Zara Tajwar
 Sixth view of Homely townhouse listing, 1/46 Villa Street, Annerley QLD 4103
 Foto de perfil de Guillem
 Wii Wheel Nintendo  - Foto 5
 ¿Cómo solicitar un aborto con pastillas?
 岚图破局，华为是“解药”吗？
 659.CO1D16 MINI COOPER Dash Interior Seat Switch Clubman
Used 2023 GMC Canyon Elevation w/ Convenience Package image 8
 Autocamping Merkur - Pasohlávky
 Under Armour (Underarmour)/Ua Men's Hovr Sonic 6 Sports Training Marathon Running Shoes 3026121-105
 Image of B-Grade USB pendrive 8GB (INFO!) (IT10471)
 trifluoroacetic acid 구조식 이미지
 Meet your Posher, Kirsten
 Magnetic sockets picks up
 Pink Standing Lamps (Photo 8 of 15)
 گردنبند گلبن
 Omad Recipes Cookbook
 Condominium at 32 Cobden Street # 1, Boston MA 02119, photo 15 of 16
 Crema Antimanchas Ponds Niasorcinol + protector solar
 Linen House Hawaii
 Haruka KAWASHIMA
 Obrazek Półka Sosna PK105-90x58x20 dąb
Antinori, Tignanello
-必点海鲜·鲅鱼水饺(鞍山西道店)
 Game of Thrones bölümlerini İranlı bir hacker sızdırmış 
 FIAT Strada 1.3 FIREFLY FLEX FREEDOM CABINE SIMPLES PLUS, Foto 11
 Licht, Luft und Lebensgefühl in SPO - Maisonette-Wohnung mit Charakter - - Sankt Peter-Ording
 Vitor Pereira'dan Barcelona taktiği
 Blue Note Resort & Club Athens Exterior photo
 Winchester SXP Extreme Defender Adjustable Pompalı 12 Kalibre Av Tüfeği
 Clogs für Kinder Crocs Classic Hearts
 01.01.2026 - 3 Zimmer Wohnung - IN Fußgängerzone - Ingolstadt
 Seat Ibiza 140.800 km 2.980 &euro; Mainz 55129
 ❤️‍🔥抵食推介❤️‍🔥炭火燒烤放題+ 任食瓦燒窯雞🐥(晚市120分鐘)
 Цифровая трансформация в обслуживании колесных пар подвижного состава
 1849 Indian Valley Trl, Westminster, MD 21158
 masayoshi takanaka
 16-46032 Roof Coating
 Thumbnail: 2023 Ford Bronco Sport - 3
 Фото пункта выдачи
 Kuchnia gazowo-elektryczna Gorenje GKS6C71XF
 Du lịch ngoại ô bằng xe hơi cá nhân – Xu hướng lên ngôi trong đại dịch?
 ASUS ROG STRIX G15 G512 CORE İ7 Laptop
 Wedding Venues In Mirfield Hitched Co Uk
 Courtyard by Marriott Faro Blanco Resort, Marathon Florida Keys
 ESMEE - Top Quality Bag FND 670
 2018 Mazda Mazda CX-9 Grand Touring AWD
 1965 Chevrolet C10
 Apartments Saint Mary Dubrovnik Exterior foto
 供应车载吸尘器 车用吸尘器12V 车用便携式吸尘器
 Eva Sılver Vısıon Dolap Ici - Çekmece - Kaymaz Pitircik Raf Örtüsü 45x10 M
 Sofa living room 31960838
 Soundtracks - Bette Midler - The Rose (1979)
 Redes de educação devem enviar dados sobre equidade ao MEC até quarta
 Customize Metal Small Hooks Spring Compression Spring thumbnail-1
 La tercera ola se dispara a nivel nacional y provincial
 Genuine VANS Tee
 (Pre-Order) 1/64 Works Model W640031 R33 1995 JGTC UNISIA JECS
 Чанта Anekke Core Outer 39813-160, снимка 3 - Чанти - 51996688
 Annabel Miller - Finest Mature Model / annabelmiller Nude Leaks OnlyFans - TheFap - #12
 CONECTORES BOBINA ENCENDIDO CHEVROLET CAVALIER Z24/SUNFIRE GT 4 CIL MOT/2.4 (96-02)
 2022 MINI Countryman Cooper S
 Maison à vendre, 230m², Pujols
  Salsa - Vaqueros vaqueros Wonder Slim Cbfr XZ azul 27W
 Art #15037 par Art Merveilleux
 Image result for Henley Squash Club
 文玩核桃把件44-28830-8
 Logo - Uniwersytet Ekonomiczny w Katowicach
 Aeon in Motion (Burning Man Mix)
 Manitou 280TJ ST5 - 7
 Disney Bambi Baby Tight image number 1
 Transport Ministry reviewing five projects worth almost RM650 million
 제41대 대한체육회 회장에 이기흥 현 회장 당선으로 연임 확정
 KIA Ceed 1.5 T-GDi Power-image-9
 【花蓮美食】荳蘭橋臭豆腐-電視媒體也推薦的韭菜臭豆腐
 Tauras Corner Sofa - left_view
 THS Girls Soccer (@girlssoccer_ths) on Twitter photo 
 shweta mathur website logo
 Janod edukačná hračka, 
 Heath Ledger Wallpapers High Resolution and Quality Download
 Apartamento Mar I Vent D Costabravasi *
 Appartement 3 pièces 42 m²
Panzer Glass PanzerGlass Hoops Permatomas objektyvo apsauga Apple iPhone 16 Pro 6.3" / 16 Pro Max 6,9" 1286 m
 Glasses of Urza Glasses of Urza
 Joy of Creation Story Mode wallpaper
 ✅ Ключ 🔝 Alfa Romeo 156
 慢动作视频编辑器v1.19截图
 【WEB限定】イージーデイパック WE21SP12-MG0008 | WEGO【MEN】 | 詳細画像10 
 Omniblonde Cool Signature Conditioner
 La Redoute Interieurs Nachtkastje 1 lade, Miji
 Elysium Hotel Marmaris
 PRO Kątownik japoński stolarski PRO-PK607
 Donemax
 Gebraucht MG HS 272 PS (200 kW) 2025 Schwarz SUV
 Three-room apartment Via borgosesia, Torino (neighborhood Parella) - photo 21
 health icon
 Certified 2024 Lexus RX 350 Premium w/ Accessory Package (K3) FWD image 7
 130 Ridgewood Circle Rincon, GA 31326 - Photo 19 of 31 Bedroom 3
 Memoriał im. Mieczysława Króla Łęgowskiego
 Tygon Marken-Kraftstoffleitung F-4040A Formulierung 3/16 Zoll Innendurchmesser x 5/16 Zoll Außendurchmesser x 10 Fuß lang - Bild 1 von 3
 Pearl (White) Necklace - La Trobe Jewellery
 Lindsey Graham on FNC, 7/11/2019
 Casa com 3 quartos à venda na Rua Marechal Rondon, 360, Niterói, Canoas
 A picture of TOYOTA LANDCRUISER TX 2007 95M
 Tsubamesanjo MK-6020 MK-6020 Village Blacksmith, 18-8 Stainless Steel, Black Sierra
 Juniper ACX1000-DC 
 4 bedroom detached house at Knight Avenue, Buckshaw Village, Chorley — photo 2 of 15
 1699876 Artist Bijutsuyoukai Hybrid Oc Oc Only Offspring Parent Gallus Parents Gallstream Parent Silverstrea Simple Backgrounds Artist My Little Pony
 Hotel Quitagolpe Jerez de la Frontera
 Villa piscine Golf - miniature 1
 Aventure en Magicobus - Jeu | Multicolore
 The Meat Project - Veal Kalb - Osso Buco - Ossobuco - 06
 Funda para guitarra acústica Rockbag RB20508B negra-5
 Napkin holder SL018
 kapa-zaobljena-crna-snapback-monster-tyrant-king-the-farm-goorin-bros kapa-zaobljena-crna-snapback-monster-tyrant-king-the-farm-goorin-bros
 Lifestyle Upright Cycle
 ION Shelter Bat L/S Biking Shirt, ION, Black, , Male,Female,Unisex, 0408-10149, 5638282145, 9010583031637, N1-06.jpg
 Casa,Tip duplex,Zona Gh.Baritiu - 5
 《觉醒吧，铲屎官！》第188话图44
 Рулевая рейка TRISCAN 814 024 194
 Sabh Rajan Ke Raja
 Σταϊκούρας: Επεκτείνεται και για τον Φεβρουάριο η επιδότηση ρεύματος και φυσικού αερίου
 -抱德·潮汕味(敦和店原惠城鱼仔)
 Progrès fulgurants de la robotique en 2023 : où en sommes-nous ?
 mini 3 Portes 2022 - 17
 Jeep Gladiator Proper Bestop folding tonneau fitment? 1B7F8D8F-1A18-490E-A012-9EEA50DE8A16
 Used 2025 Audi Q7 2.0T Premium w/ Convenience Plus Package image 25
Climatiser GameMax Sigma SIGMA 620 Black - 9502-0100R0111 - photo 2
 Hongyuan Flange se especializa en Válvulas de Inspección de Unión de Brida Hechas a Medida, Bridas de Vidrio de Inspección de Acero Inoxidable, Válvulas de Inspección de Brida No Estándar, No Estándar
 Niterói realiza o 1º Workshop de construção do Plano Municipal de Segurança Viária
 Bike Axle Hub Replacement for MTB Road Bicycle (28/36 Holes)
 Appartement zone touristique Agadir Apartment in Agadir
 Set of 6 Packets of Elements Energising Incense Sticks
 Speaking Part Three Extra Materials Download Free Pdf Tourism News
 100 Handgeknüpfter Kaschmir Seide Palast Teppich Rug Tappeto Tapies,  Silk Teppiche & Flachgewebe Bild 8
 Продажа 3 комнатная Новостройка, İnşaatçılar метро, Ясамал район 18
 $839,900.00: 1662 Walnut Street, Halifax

* [Problem to work on]:
Set down, exactly as they stand above, the lines starting with the line with "Clogs für Kinder Crocs Classic Hearts" and going on through the line with "Customize Metal Small", and no others.

* [Response area]:
 Clogs für Kinder Crocs Classic Hearts
 01.01.2026 - 3 Zimmer Wohnung - IN Fußgängerzone - Ingolstadt
 Seat Ibiza 140.800 km 2.980 &euro; Mainz 55129
 ❤️‍🔥抵食推介❤️‍🔥炭火燒烤放題+ 任食瓦燒窯雞🐥(晚市120分鐘)
 Цифровая трансформация в обслуживании колесных пар подвижного состава
 1849 Indian Valley Trl, Westminster, MD 21158
 masayoshi takanaka
 16-46032 Roof Coating
 Thumbnail: 2023 Ford Bronco Sport - 3
 Фото пункта выдачи
 Kuchnia gazowo-elektryczna Gorenje GKS6C71XF
 Du lịch ngoại ô bằng xe hơi cá nhân – Xu hướng lên ngôi trong đại dịch?
 ASUS ROG STRIX G15 G512 CORE İ7 Laptop
 Wedding Venues In Mirfield Hitched Co Uk
 Courtyard by Marriott Faro Blanco Resort, Marathon Florida Keys
 ESMEE - Top Quality Bag FND 670
 2018 Mazda Mazda CX-9 Grand Touring AWD
 1965 Chevrolet C10
 Apartments Saint Mary Dubrovnik Exterior foto
 供应车载吸尘器 车用吸尘器12V 车用便携式吸尘器
 Eva Sılver Vısıon Dolap Ici - Çekmece - Kaymaz Pitircik Raf Örtüsü 45x10 M
 Sofa living room 31960838
 Soundtracks - Bette Midler - The Rose (1979)
 Redes de educação devem enviar dados sobre equidade ao MEC até quarta
 Customize Metal Small Hooks Spring Compression Spring thumbnail-1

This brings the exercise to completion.